■ Work item
Could you return the lines below exactly, from the first line up to and including the line that holds "Junk removal trailer loaded for hauling"?

Short web captions:
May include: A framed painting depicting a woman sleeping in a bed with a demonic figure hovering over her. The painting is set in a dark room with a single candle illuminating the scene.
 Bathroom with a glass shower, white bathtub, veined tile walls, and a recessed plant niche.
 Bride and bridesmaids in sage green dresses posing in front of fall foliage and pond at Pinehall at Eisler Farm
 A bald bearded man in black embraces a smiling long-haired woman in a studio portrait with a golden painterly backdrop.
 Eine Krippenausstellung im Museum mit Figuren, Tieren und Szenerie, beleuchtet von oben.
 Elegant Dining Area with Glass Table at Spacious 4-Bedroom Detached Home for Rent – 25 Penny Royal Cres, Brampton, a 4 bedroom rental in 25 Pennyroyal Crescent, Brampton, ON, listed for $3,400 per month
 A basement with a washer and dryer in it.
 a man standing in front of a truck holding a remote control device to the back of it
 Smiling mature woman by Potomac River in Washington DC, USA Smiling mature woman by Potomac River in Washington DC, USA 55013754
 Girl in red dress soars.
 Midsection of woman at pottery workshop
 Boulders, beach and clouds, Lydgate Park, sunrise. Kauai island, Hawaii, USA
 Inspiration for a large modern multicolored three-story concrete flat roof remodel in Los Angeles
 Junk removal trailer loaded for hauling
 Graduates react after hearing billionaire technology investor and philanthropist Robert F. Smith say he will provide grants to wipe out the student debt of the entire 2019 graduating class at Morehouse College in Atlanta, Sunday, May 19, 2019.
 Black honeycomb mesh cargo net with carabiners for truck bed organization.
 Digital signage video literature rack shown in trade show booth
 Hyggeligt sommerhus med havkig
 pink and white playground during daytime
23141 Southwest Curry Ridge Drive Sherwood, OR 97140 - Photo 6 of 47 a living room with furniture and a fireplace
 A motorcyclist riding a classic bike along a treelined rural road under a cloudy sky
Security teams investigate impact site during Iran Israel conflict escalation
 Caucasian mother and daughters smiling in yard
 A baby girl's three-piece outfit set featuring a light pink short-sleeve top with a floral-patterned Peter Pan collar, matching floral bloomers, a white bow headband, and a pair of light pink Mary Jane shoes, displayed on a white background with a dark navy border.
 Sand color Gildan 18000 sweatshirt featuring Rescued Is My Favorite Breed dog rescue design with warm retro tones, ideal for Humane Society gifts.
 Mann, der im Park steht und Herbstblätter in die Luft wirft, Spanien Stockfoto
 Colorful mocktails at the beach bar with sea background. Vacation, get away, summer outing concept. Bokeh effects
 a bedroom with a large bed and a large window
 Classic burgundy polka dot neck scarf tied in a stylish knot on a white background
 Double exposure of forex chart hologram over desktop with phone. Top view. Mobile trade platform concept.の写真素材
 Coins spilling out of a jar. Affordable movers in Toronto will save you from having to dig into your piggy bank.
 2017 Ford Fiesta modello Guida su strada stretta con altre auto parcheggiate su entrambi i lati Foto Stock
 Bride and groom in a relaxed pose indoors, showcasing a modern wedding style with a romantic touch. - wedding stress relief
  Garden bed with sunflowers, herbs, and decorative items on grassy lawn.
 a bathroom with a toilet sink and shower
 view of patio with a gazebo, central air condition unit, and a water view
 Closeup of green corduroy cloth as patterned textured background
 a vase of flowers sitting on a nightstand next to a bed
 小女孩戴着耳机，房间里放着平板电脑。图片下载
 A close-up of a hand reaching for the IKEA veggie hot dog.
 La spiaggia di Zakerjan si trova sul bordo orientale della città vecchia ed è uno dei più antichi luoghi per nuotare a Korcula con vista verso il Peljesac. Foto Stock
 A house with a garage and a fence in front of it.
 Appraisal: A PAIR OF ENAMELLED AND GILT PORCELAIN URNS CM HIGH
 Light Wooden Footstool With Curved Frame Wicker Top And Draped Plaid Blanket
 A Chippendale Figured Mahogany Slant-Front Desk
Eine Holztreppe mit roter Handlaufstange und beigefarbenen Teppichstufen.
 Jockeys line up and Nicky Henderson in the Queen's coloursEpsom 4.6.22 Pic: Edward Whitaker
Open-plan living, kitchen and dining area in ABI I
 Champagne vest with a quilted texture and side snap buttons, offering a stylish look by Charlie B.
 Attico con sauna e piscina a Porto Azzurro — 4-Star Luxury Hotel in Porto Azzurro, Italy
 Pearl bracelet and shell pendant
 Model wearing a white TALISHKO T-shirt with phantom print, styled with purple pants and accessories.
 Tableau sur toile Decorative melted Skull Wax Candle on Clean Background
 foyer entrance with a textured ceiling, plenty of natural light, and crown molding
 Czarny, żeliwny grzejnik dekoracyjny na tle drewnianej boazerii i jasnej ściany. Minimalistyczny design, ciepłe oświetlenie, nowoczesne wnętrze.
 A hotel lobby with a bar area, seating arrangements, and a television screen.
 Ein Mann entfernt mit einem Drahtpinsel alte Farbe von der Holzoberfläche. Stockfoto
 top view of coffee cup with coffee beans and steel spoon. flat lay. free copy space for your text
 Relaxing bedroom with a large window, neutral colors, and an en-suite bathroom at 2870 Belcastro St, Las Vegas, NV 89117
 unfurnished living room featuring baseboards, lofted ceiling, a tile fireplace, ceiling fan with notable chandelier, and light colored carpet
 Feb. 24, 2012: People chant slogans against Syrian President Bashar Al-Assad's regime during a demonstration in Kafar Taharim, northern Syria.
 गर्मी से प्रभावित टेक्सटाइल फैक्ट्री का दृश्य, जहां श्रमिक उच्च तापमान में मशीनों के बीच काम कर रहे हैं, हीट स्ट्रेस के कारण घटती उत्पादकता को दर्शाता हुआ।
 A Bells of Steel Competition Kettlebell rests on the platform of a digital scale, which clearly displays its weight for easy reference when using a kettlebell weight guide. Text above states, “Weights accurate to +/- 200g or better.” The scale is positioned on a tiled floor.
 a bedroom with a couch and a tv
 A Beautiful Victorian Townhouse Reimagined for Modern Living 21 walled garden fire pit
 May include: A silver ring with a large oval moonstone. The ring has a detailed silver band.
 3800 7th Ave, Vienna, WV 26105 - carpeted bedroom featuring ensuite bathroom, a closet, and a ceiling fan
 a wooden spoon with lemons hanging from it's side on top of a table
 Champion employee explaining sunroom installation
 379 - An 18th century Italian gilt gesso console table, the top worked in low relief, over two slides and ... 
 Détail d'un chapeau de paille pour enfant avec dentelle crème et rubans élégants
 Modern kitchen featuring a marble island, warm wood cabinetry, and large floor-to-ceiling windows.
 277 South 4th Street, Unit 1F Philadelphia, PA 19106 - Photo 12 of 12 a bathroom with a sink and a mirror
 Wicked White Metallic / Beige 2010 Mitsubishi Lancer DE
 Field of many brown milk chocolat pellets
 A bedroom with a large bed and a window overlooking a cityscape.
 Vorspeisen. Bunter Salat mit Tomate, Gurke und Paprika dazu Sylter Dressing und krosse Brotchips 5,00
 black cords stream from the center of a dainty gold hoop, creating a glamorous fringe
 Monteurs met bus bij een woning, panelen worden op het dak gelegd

■ Answer to the problem
May include: A framed painting depicting a woman sleeping in a bed with a demonic figure hovering over her. The painting is set in a dark room with a single candle illuminating the scene.
 Bathroom with a glass shower, white bathtub, veined tile walls, and a recessed plant niche.
 Bride and bridesmaids in sage green dresses posing in front of fall foliage and pond at Pinehall at Eisler Farm
 A bald bearded man in black embraces a smiling long-haired woman in a studio portrait with a golden painterly backdrop.
 Eine Krippenausstellung im Museum mit Figuren, Tieren und Szenerie, beleuchtet von oben.
 Elegant Dining Area with Glass Table at Spacious 4-Bedroom Detached Home for Rent – 25 Penny Royal Cres, Brampton, a 4 bedroom rental in 25 Pennyroyal Crescent, Brampton, ON, listed for $3,400 per month
 A basement with a washer and dryer in it.
 a man standing in front of a truck holding a remote control device to the back of it
 Smiling mature woman by Potomac River in Washington DC, USA Smiling mature woman by Potomac River in Washington DC, USA 55013754
 Girl in red dress soars.
 Midsection of woman at pottery workshop
 Boulders, beach and clouds, Lydgate Park, sunrise. Kauai island, Hawaii, USA
 Inspiration for a large modern multicolored three-story concrete flat roof remodel in Los Angeles
 Junk removal trailer loaded for hauling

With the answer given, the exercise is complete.